VISIT THOMAS Brezing’s exhibition The Art of Failure Isn’t Hard to Masterat the Highlanes Gallery and, apart from the paintings and works on paper you might expect, you will also encounter a sprawling sculptural installation. Roughly assembled from recycled wooden packing, and roughly painted in brightly coloured patterns, a shed sits on a bed of rugs with rag dolls scattered around. It looks like an improvised playhouse and, as it happens, that’s how The Shack, as Brezing calls the work, started out.

He made it with his daughter in mind but came to realise that really the shack satisfied something in his own psyche. If you get to the gallery on a Saturday you may well find the artist in residence in his shack. The installation is a useful symbol for the studio or other retreat, a shed or workshop, a personal space for thoughts and dreams and, with luck, creativity. This particular shack is situated in a veritable forest of creativity, a substantial collection of Brezing’s work.

That work, especially the painting, has developed significantly in formal and expressive terms over the past decade. Go back 10 years and it tended to be overly schematic, as though he was figuring out how to make a painting rather than actually doing it. He did have, and retains, a deft touch, so his brushwork is sensitive and accomplished. He doesn’t go in much for virtuosic flourishes, preferring the complementary approaches of darting, gestural marks and gritty accumulations of layered pigment.

Brezing was born in Germany in 1969 and apprenticed in metalwork before coming to Ireland to attend Grennan Mill Craft School in Thomastown in the early 1990s. Since then, with the occasional foray back to Germany and elsewhere, he’s been based in Ireland, briefly in Cork but mostly in north Co Dublin. He’s practised as an artist since the mid-1990s or so, but he largely bypassed academic training in fine art (hence the nod to Elizabeth Bishop’s poem, quoted as the show’s title, perhaps).

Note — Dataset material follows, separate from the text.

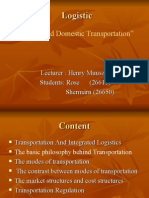 Logistics-Global and Domestic Transportation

It’s hardly surprising that his work is intensely personal in an informal, conversational way. You could say it’s autobiographical but that makes it sound a bit too calculated and structured. Rather it’s directly triggered by experience and reflection, an ongoing response to being alive in a strange, perplexing world. Brezing’s immediate personal life is reflected in his paintings with guileless emotional honesty. He was clearly bowled over by parenthood, for example, and, earlier on, his treatment of the experience could almost have been cloying, except one came to realise he was being utterly, defencelessly honest.

He also situates every experience and thought in a wider context, which is important. Nothing exists in isolation in his paintings. An individual, personal experience is like a pebble that sends ripples through the collective social and political pool.

The tightly packed communal centre of Drogheda is a nice setting for Brezing’s musings on self and community. The Boyne valley is exceptionally rich in historical and archaeological remains, making the town an appropriate venue for another fine exhibition showing there, Sabina MacMahon’s Longevity, If Not Immortalityat the Droichead Arts Centre.

MacMahon graduated from NCAD only in 2008, but she has made and exhibited an impressive body of work since. Here, she shows “a collection of rare artefacts with very unusual stories to tell”. Each object on view, including human teeth, hair and skin, a horseshoe, a nail and a small taxidermic chaffinch, “was initially thought to be the first or second class relic of a particular saint, martyr or other sacred person”. In meticulously devised accompanying commentaries, MacMahon charts the history of each exhibit, from its factual origins, its religious back-story and its changing status.

MacMahon’s subject is not so much our inbuilt credulity as our desire, our need to believe. Through her witty, engrossing, ingenious employment of the scholarly languages of scripture, history and science, she tactfully and gently points up inherent absurdities in most of what is taken as being entirely plausible. Her show’s title is from a Susan Sontag essay. The eternal, transcendental meaning initially ascribed to the objects is replaced by their factual, worldly histories – longevity, but not quite immortality.

The Art of Failure Isn’t Hard to Master Thomas Brezing Highlanes Gallery, St Laurence Street, Drogheda. Until January 11th. Longevity, If Not Immortality Sabina MacMahon. Droichead Arts Centre, Stockwell Street, Drogheda. Until January 5th.